RECORDS FOR THIS EXERCISE
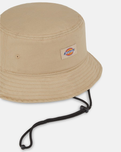 The Dickies Womens Clarks Grove Bucket Hat in Sandstone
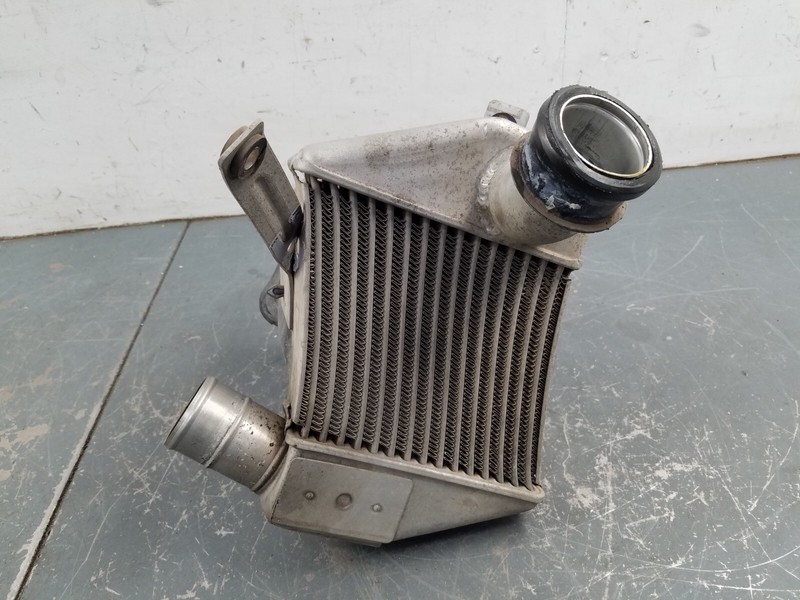 1997 Mitsubishi Eclipse GST GS-T Intercooler - Bent #9003 A11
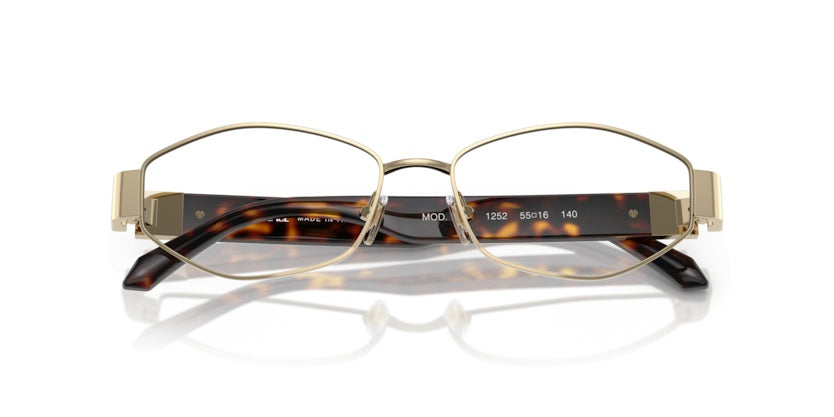 Gafas Graduadas Versace VE1298 1252 55 16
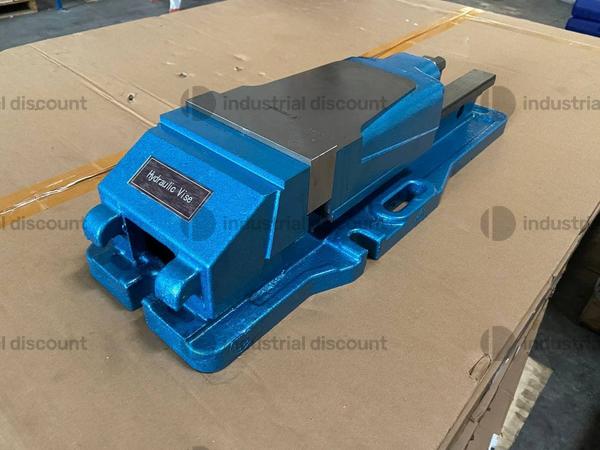 11#9012 6" Pressione idraulica  4500 kg in vendita - foto 8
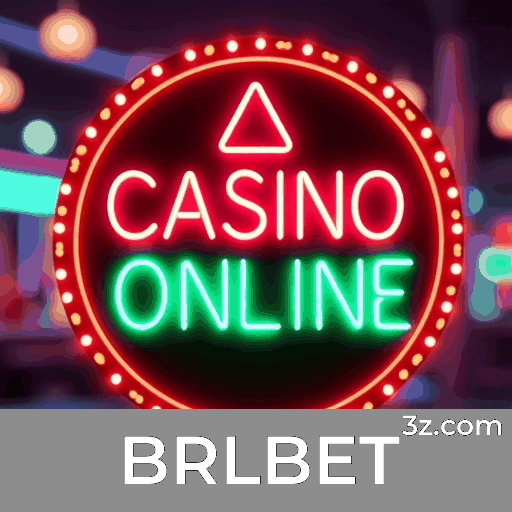 BRLBET: Plataforma de Cassino e Apostas Confiável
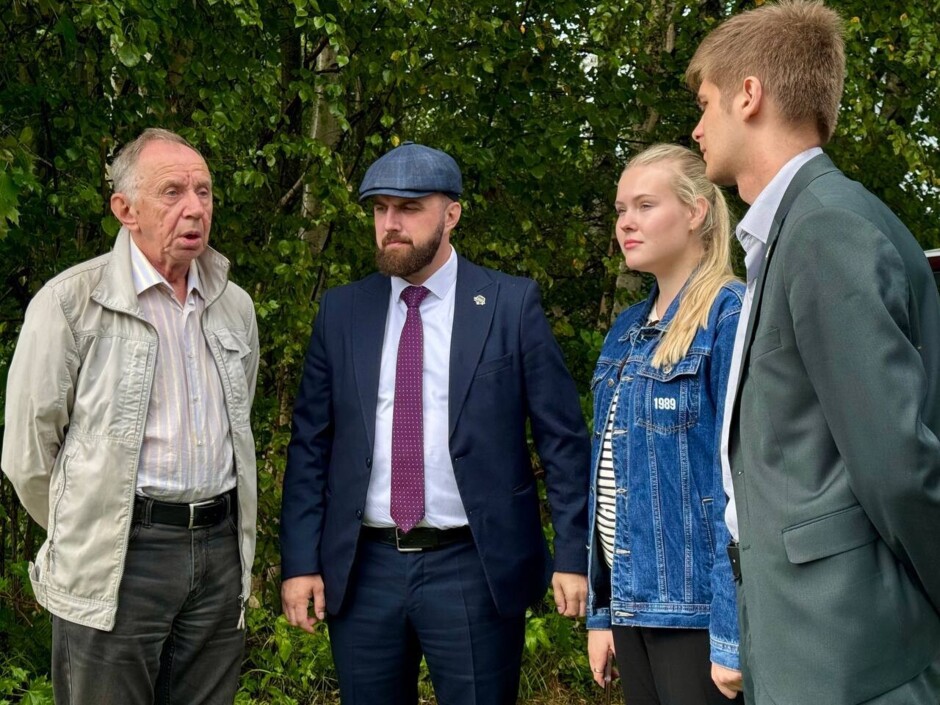 Садоводы Санкт-Петербурга бьют тревогу: им не дают приватизировать свои участки и домики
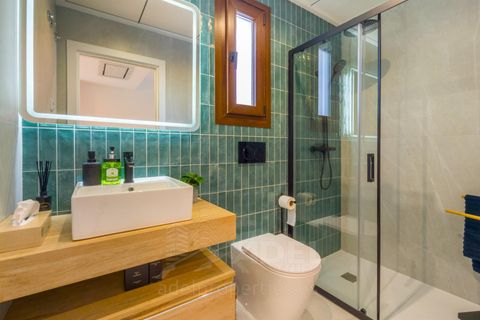 Rækkehus i Orihuela, Alicante, Orihuela - € 315.000 | Ref: AO18-2348/11012 - foto 11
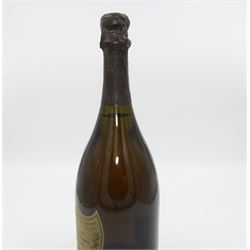 Dom Perignon, 1995 champagne, 12.5% vol, 750ml, in presentation box 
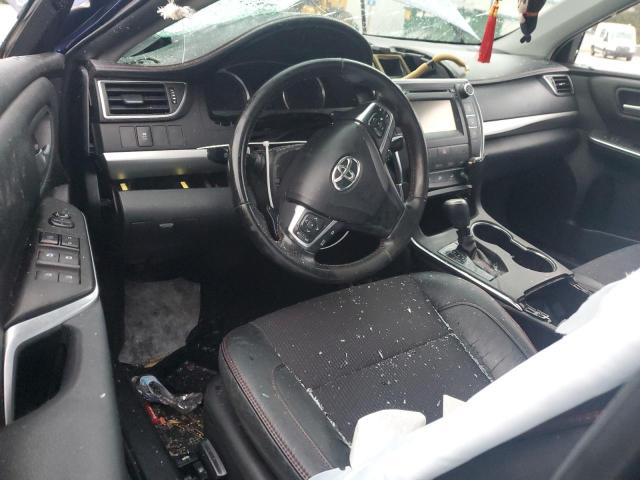 2016 TOYOTA CAMRY LE - 4T1BF1FK5GU581810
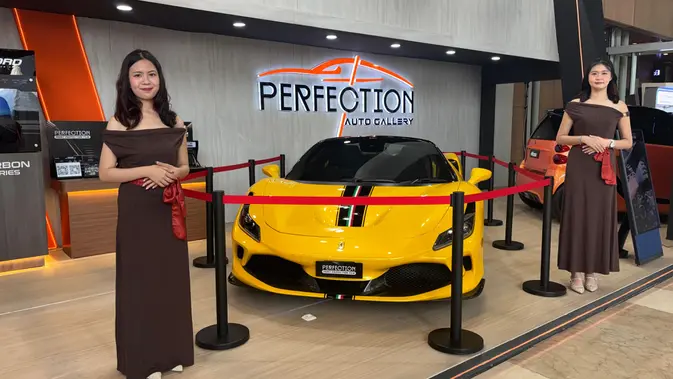 pelindung cat bodi Tips Memilih Pelindung Cat Bodi untuk Supercar pelindung cat bodi - ilustrasi berita Tips Memilih Pelindung Cat Bodi untuk Supercar
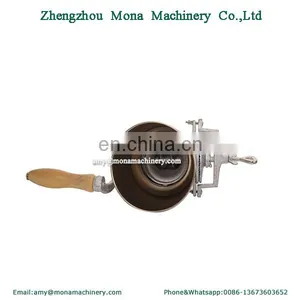 Hand Operated Spice Corn Mill Grain Grinder for Sale thumbnail-4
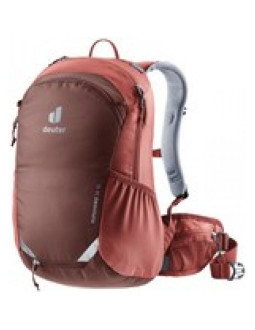 Plecak rowerowy deuter superbike 16 sl raisin-caspia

ACTIVITY
Transcribe the span of lines that runs from the line with "Gafas Graduadas Versace VE1298 1252 55 16" to the end of the data, both ends included, exactly, with nothing else and no pictures.

SOLUTION BELOW
 Gafas Graduadas Versace VE1298 1252 55 16
 11#9012 6" Pressione idraulica  4500 kg in vendita - foto 8
 BRLBET: Plataforma de Cassino e Apostas Confiável
 Садоводы Санкт-Петербурга бьют тревогу: им не дают приватизировать свои участки и домики
 Rækkehus i Orihuela, Alicante, Orihuela - € 315.000 | Ref: AO18-2348/11012 - foto 11
 Dom Perignon, 1995 champagne, 12.5% vol, 750ml, in presentation box 
 2016 TOYOTA CAMRY LE - 4T1BF1FK5GU581810
 pelindung cat bodi Tips Memilih Pelindung Cat Bodi untuk Supercar pelindung cat bodi - ilustrasi berita Tips Memilih Pelindung Cat Bodi untuk Supercar
 Hand Operated Spice Corn Mill Grain Grinder for Sale thumbnail-4
 Plecak rowerowy deuter superbike 16 sl raisin-caspia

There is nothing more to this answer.